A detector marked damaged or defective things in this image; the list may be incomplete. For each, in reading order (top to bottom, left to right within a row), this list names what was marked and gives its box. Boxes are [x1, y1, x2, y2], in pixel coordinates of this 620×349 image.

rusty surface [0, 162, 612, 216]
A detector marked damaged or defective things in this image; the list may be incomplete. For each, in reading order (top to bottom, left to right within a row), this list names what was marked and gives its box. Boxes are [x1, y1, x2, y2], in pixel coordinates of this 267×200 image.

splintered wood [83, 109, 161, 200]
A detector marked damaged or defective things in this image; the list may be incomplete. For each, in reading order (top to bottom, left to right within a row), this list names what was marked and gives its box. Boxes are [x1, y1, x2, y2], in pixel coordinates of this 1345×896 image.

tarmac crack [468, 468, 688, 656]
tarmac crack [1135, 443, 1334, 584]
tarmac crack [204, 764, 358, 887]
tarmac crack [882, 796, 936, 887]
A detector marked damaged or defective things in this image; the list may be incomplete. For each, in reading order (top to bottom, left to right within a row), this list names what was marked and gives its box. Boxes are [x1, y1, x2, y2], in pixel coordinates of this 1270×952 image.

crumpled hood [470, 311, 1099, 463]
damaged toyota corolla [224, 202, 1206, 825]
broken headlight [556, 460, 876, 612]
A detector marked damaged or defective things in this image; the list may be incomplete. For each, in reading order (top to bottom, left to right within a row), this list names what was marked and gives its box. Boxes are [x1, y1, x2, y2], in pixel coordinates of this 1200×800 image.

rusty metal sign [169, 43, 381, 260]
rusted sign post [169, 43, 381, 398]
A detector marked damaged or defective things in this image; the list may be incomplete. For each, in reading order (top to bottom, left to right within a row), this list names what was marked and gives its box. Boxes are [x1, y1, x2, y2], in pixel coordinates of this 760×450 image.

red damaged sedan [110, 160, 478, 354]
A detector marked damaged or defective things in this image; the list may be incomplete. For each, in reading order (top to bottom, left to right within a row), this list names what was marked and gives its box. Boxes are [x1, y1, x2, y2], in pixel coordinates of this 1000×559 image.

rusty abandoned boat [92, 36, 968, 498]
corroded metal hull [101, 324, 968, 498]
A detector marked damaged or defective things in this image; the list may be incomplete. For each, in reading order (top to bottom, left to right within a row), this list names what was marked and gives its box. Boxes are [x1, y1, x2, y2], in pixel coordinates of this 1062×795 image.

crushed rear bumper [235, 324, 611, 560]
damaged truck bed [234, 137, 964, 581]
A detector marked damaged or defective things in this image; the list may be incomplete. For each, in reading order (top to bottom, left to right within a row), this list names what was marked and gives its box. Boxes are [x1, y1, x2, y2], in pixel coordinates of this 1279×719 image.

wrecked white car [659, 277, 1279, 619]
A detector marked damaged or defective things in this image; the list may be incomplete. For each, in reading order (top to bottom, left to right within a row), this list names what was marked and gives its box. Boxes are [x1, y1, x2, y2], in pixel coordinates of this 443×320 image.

> [Problem requirements] From the line containing "this 760×450 image." through the closing line of the material above, return every line exactly and omit all others.

> [Solution for this task]
A detector marked damaged or defective things in this image; the list may be incomplete. For each, in reading order (top to bottom, left to right within a row), this list names what was marked and gives its box. Boxes are [x1, y1, x2, y2], in pixel coordinates of this 760×450 image.

red damaged sedan [110, 160, 478, 354]
A detector marked damaged or defective things in this image; the list may be incomplete. For each, in reading order (top to bottom, left to right within a row), this list names what was marked and gives its box. Boxes are [x1, y1, x2, y2], in pixel coordinates of this 1000×559 image.

rusty abandoned boat [92, 36, 968, 498]
corroded metal hull [101, 324, 968, 498]
A detector marked damaged or defective things in this image; the list may be incomplete. For each, in reading order (top to bottom, left to right within a row), this list names what was marked and gives its box. Boxes are [x1, y1, x2, y2], in pixel coordinates of this 1062×795 image.

crushed rear bumper [235, 324, 611, 560]
damaged truck bed [234, 137, 964, 581]
A detector marked damaged or defective things in this image; the list may be incomplete. For each, in reading order (top to bottom, left to right within a row), this list names what was marked and gives its box. Boxes are [x1, y1, x2, y2], in pixel coordinates of this 1279×719 image.

wrecked white car [659, 277, 1279, 619]
A detector marked damaged or defective things in this image; the list may be incomplete. For each, in reading order (top to bottom, left to right within a row), this list names what was marked and gives its box. Boxes are [x1, y1, x2, y2], in pixel coordinates of this 443×320 image.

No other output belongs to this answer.